_Input material_
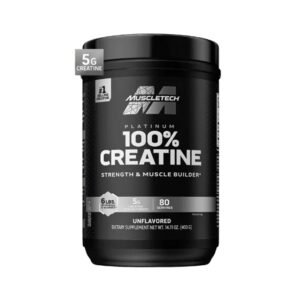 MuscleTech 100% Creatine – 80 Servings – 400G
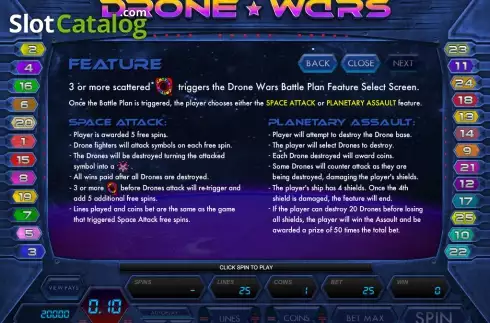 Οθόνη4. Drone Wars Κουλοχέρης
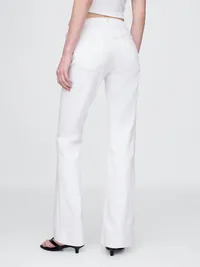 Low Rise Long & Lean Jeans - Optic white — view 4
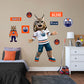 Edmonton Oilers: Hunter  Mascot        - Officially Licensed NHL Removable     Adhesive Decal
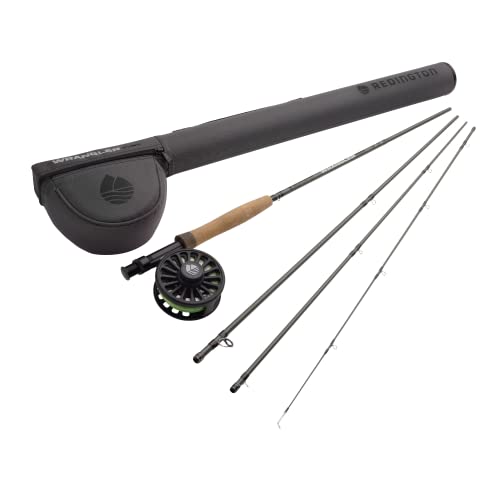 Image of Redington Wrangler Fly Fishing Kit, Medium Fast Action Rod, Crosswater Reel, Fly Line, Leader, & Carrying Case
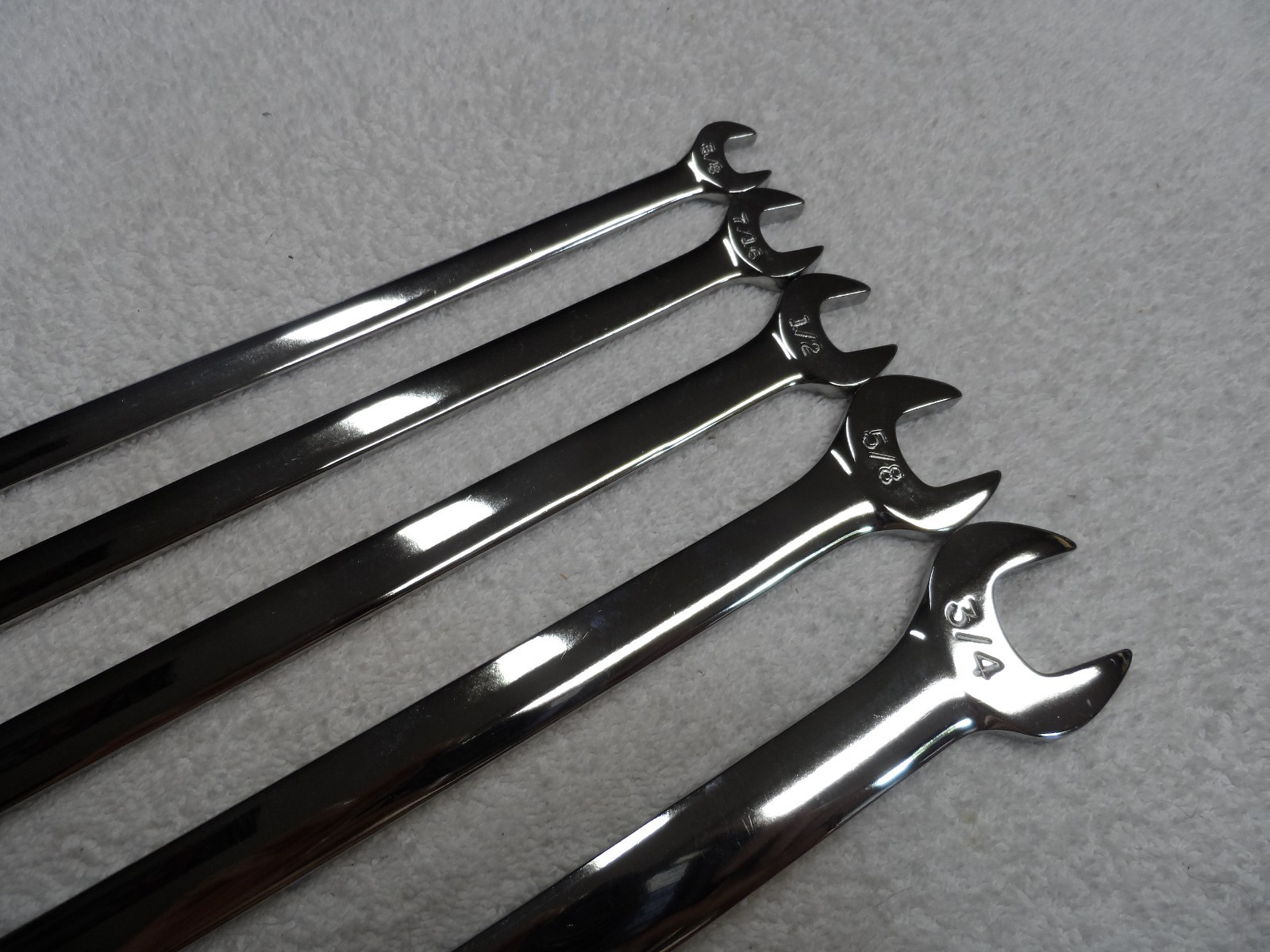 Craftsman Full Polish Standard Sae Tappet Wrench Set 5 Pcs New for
--
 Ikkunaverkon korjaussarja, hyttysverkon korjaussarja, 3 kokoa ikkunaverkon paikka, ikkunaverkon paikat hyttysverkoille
---
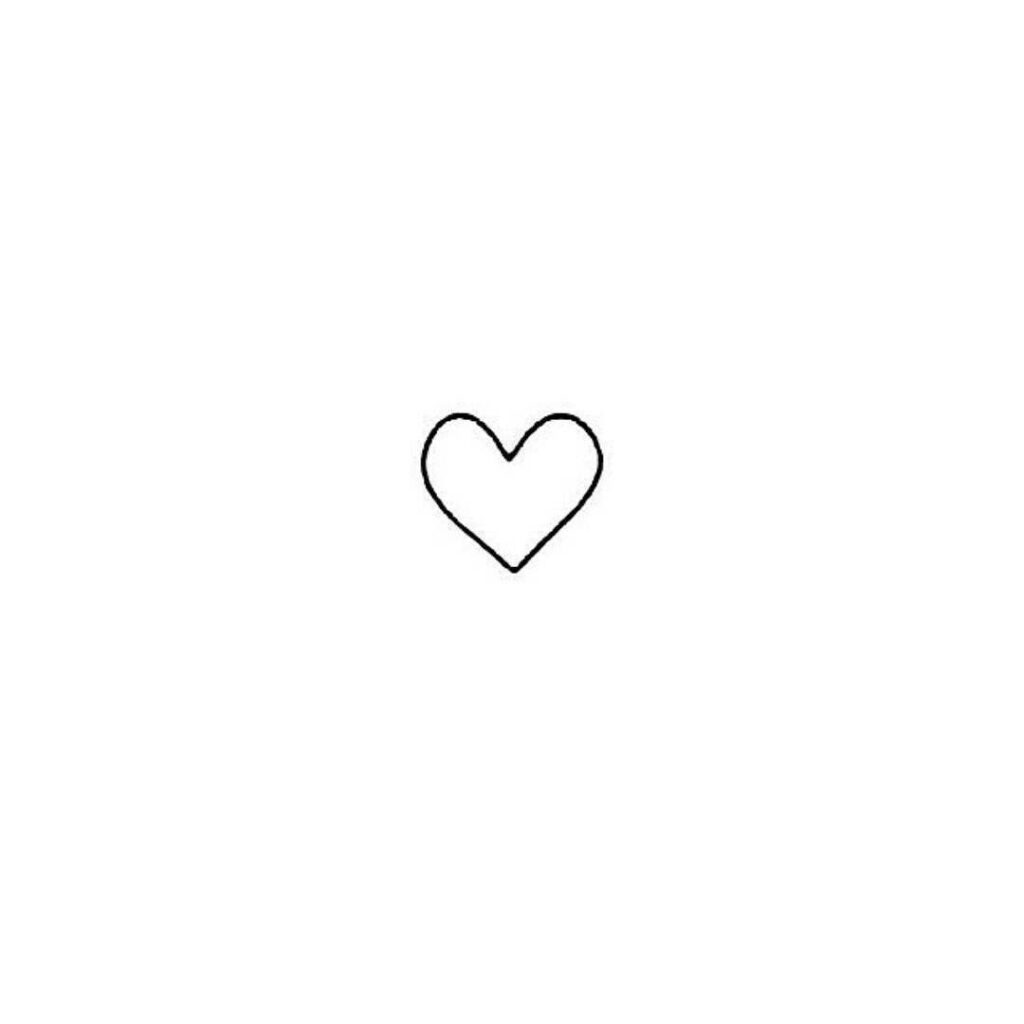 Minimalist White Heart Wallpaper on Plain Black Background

_To do_
Using the data above, copy exactly the lines from the one containing "MuscleTech 100% Creatine" to the one containing "Edmonton Oilers: Hunter", inclusive. Exclude the pictures.

_Output_
 MuscleTech 100% Creatine – 80 Servings – 400G
 Οθόνη4. Drone Wars Κουλοχέρης
 Low Rise Long & Lean Jeans - Optic white — view 4
 Edmonton Oilers: Hunter  Mascot        - Officially Licensed NHL Removable     Adhesive Decal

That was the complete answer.